Prosigue rauda por sus fueros la naturaleza con luna nueva. Un año más, con brotes de ilusión, vive Pozoblanco La Traída de la Virgen. Una vez más sentencia el imaginario colectivo de un rito profundo, casi ancestral, revestido de formas multicolores. No se esconde sin embargo el profundo hilo de la Historia, tantas veces recordado. Bastaría mencionar de corrido el sinfín de elementos esenciales para sentir el vértigo de la verdad: porque es la tierra lo que se celebra (el encinar y la bellota, las yerbas…), y se celebra la pertenencia del territorio; y se revive la tradición sembrada de interés (sociales, económicos, ideológicos…). En lo más hondo de fuste cultural universal se rubrica, también, la cosmovisión medieval, en la que la Luna es fuente de misterio, de fertilidad y de tiempo cíclico. Cuanta profundidad guarda una imagen, una tradición y una fiesta. Todo ello revestido de rituales ampliamente elaborados, de copiosos símbolos enhebrados en la costumbre, la reiteración y las imprescindibles alegrías (multicolor; con el son del tambor de fondo). Sin que falte la confrontación vecinal con los de enfrente (Vva. De Córdoba), porque es parte de la Historia y el necesario caldo de cultivo subsiguiente de hermandad y confraternización. La Virgen de Luna es, a fin de cuentas, un pacto de sangre con la Historia, con el pasado y nuestros progenitores.

Una compleja trenza de contenidos (motivaciones originales) y formas que precisan afianzamiento social continuo y permanente. Revivirlo anualmente representa ante todo una reafirmación de un Pueblo con revestimiento de Religión y liturgia (aún en la complejidad social de creencias dispares), con fuerte aglutinante de culto y devoción. Cargado siempre de símbolos civiles y religiosos (llaves del Sagrario, bastón de alcaldía…). Con imponente pugilato de contrastes entre lo testimonial de siempre, que se mantiene (cofradía y hermandad; sentido paramilitar, rituales de tiempo y espacio…), y las novedades formales y orgánicas que se imponen necesariamente con avances (ingreso formal de la mujer en la hermandad, cargos…; arropamiento festero diverso). La prevalencia de la fiesta sentencia siempre, claro está, mimbres fuertes de raigambre, añadiendo sin embargo ingredientes de revitalización. Este año se timbra la Virgen con corona de reina, con marchamo de oficialidad suprema (licencia pontificia), añadiendo un ingrediente religioso más al pacto social de la fiesta. El evento engrandece el legado con el concierto de todos los implicados, con oropeles de viejo y nuevo cuño.

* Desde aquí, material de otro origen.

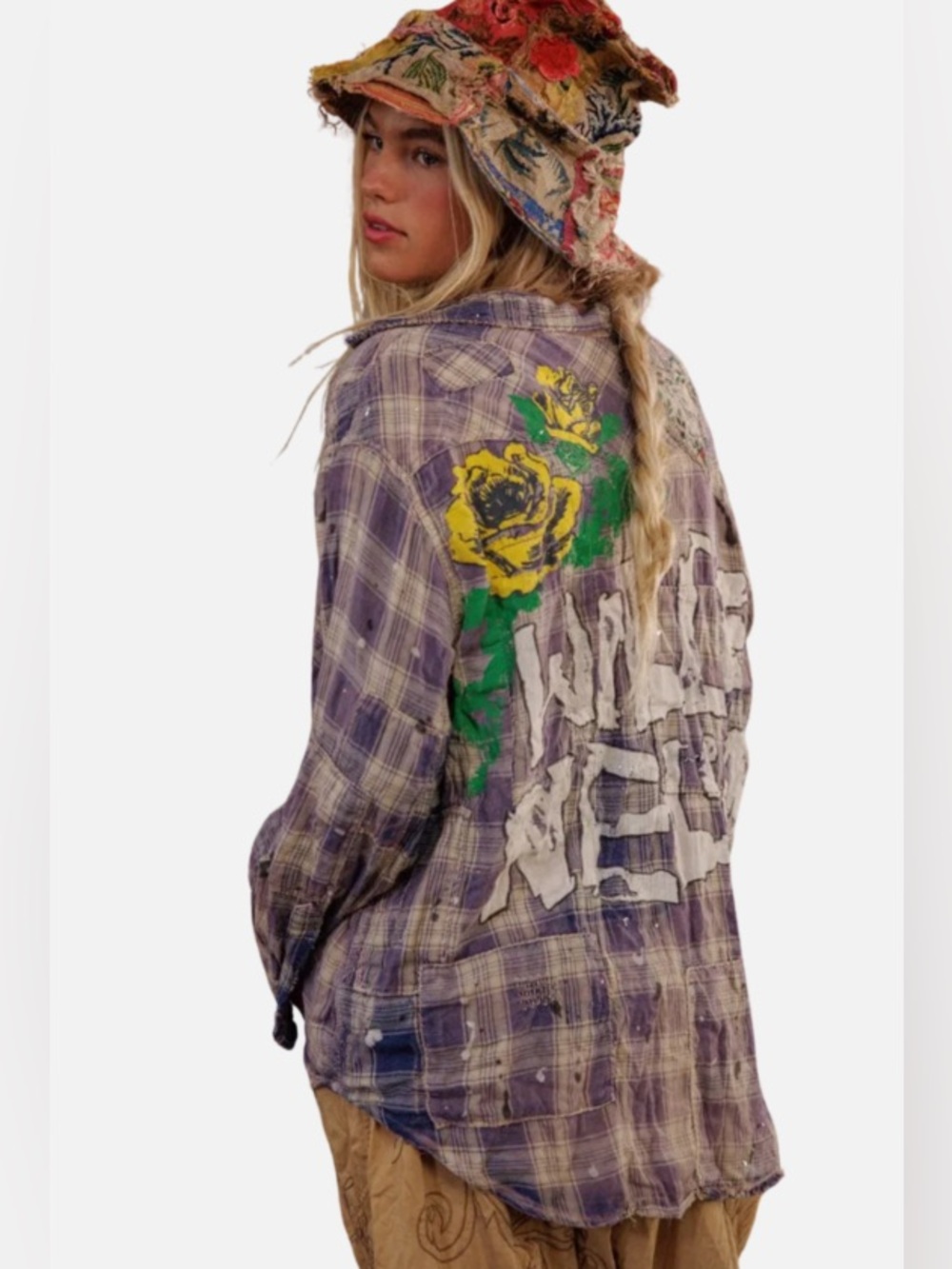 Magnolia Pearl x Willie Nelson Yellow Rose Shirt – Rare Collaboration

Todo ello con incandescente aparato de afirmación de cultos, pregones y encendidos discursos, hermanamientos de cofradías y exposiciones de carteles; y un tiempo de espera nada fortuito que aviva la llama de un gran acontecimiento religioso. De momento manda la cotidianidad del día grande de La Traía. Es el momento del disfrute anchuroso de la naturaleza en cielo y tierra, y la rememoración del camino, que es santo y seña de tradición. En el día grande se viven confraternidades de los de dentro y los de fuera, y los emigrantes que regresan a rememorar la niñez. Se come y baila con fruición (el hornazo; las jotas; las canciones de la Virgen…), y se disfruta del solaz de los terrazgos que sientan cátedra en la conformación histórica del rito mariano medieval. Entre los símbolos más acendrados cumplirá como siempre la cuerda de la campana y entrada a la ermita; y la ratificación honoraria de los hermanos; y revoloteará la bandera el abanderado simbólico, en son de gratitud, del que ha sido pregonero de postín Manuel Marín. En Pozoblanco seguirá el rito secular por sus cauces y rigores de costumbre, con la Virgen en volandas desde el horizonte elevado del Arroyo Hondo (que no es casualidad, claro) a la casa de los pozoalbenses, que vivimos con la mayor emoción uno de los días grandes del año. Un evento que cala en lo más hondo del alma; una vivencia que rubrica en el imaginario colectivo la cohesión social. Una fiesta que define como nadie, en el mayor espectro de creencias diversas, la identidad de un Pueblo.